<<<<
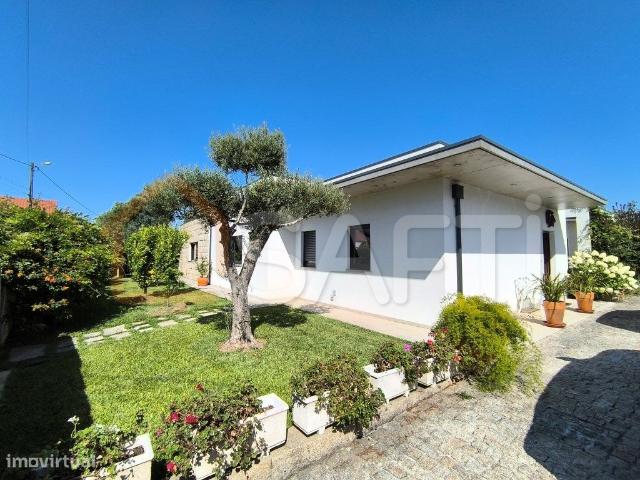 Moradia T4 de Luxo em Marinhas Esposende com piscina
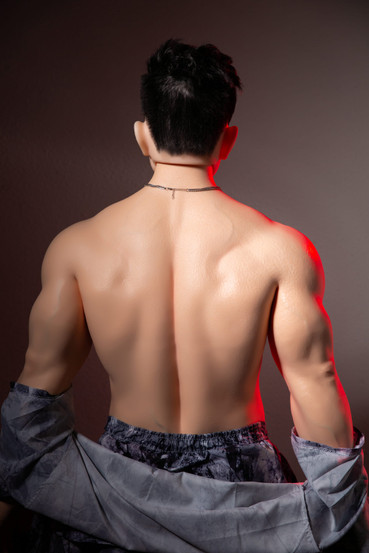 Raymond – 175cm mies seksinukke realistisella vartalolla ja 19cm peniksellä (Silikoni)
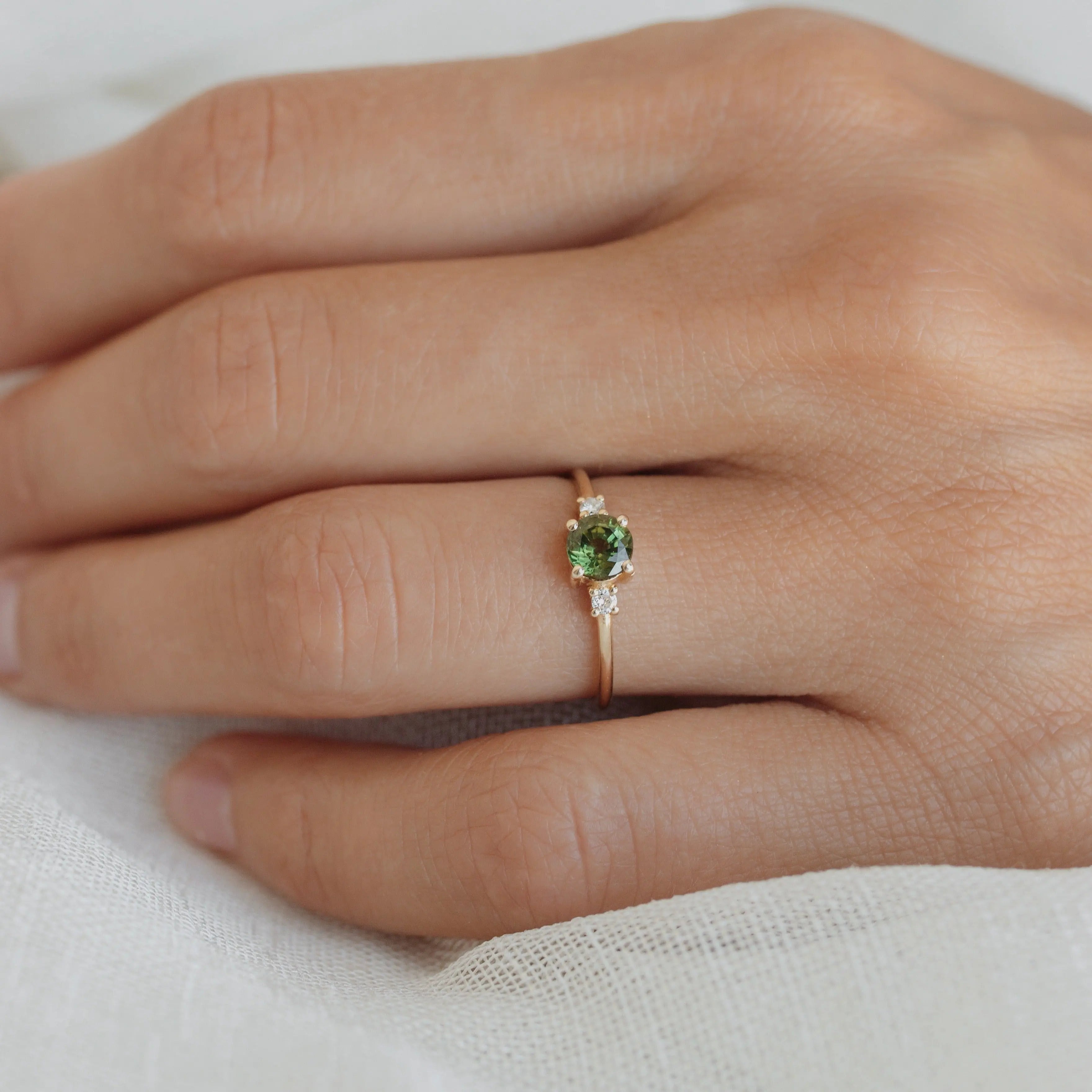 Green Sapphire Engagement Ring With Diamond Orizzo fine jewelry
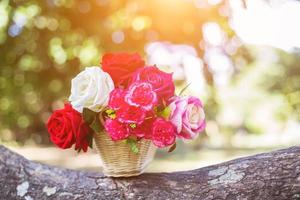 misturadas lindas flores no vaso com fundo de madeira foto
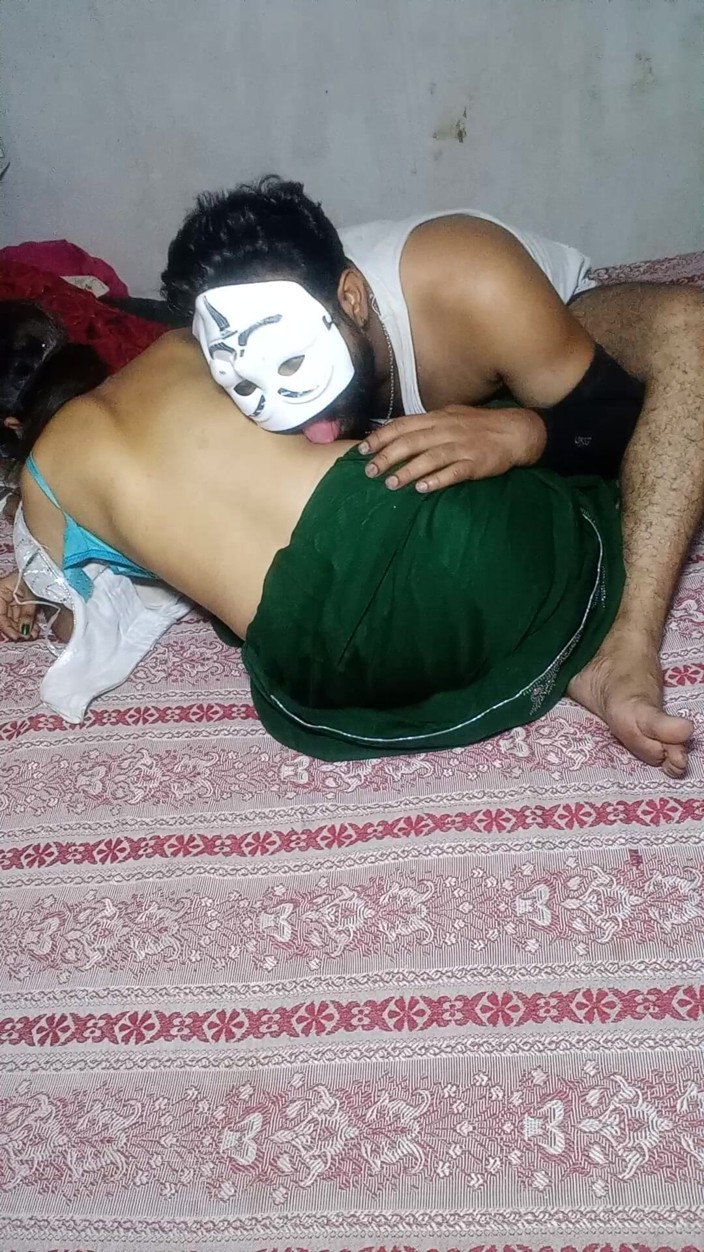 cuteindiancpl21: Coppia indiana calda piena di romanticismo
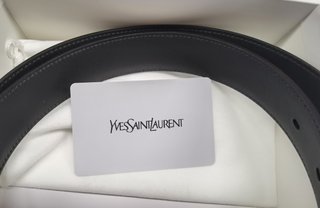 Cinturón de mujer YSL, talla 100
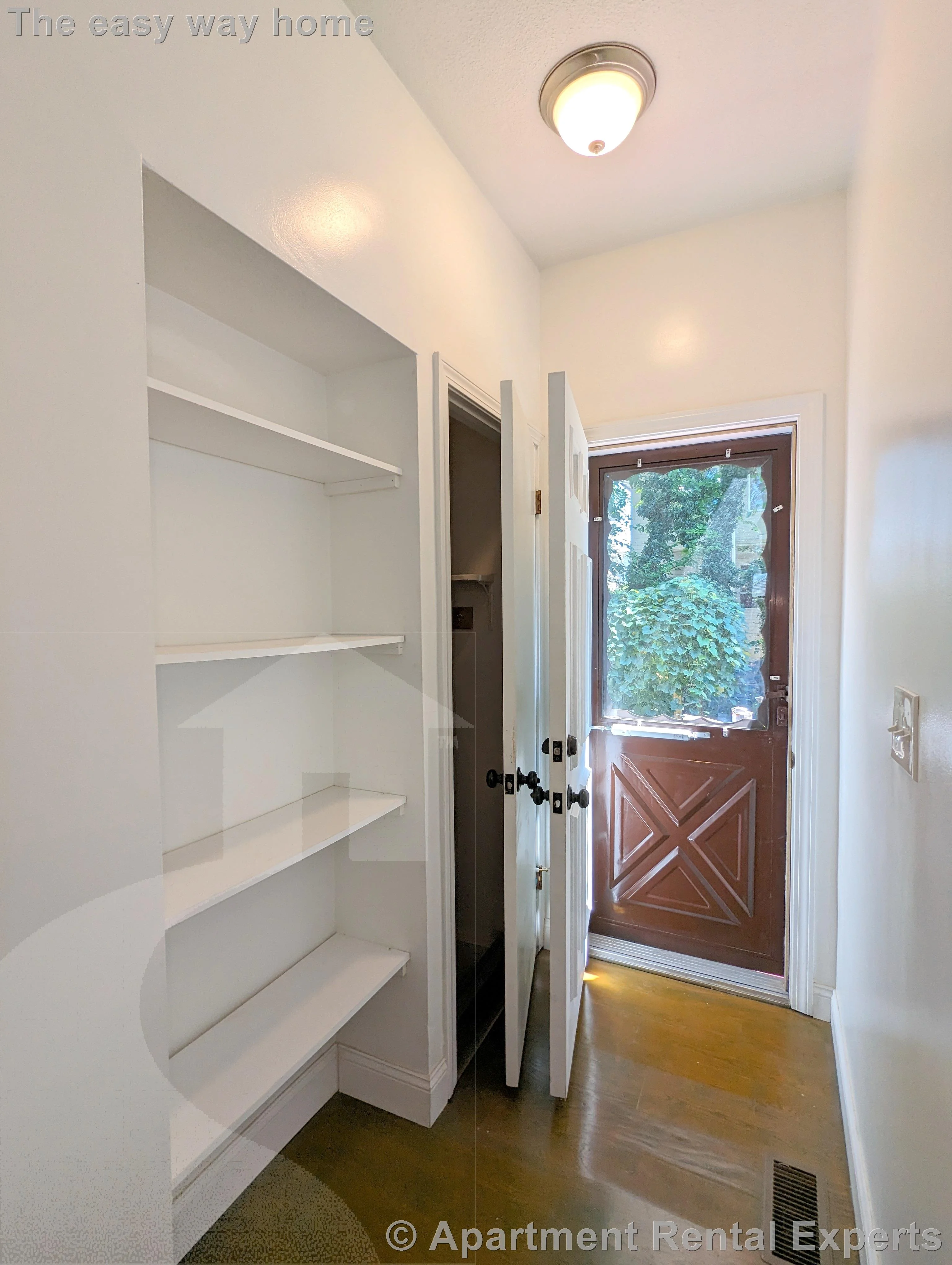 108 West Quincy St, Tufts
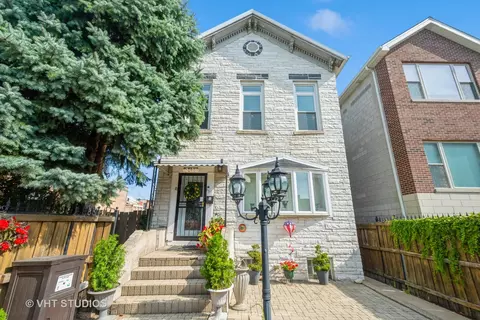 2418 W Arthington St, Chicago, IL 60612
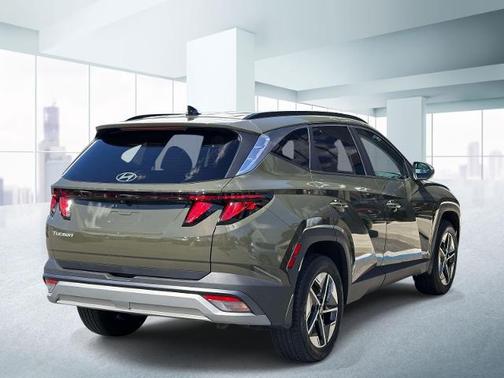 Green 2025 Hyundai TUCSON SEL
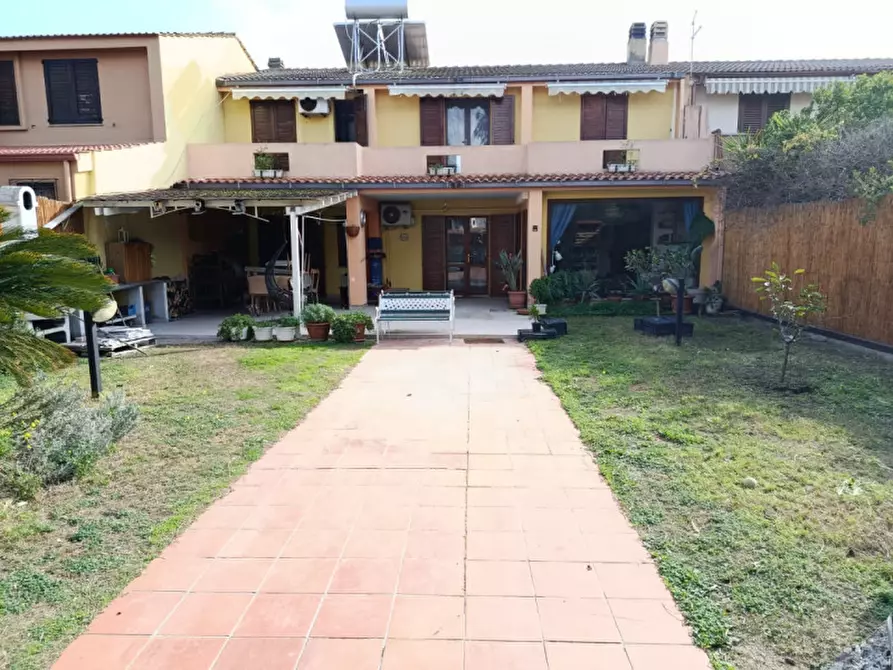 Immagine 1 di Villetta a schiera in vendita  a Quartu Sant'elena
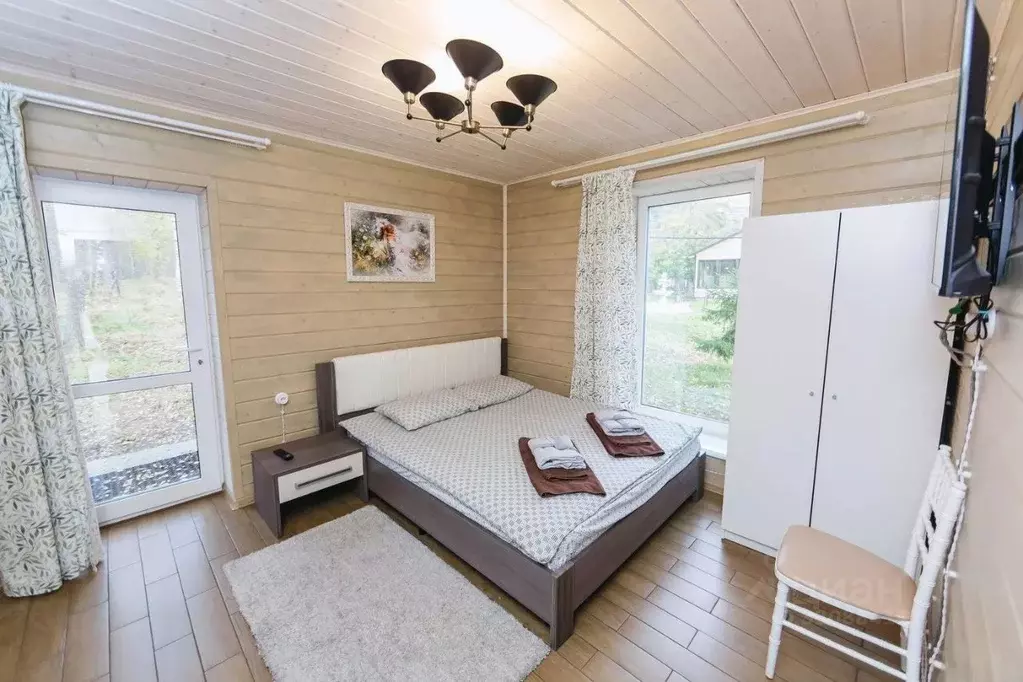 Дом в Ленинградская область, Выборгский район, Рощинское городское ... - Фото 2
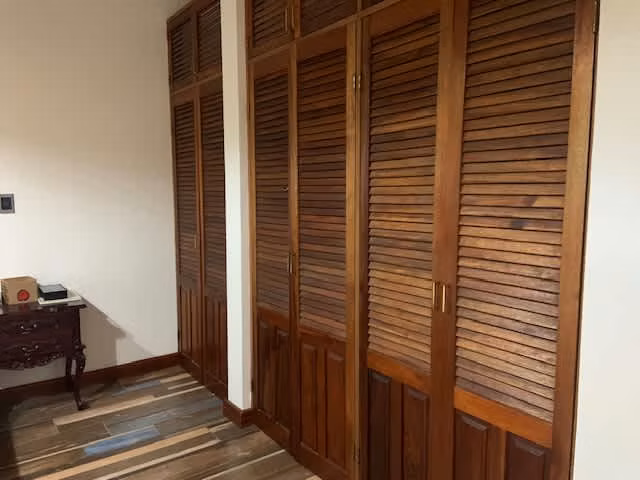 Venta de casa independiente con uso de suelo mixto. Granadilla, Curridabat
>>>>
### Try it
Every line from the one containing "Cinturón de mujer YSL, talla 100" through the end of the records is to be returned exactly, and those lines alone; pictures are dropped.

### Task output
 Cinturón de mujer YSL, talla 100
 108 West Quincy St, Tufts
 2418 W Arthington St, Chicago, IL 60612
 Green 2025 Hyundai TUCSON SEL
 Immagine 1 di Villetta a schiera in vendita  a Quartu Sant'elena
 Дом в Ленинградская область, Выборгский район, Рощинское городское ... - Фото 2
 Venta de casa independiente con uso de suelo mixto. Granadilla, Curridabat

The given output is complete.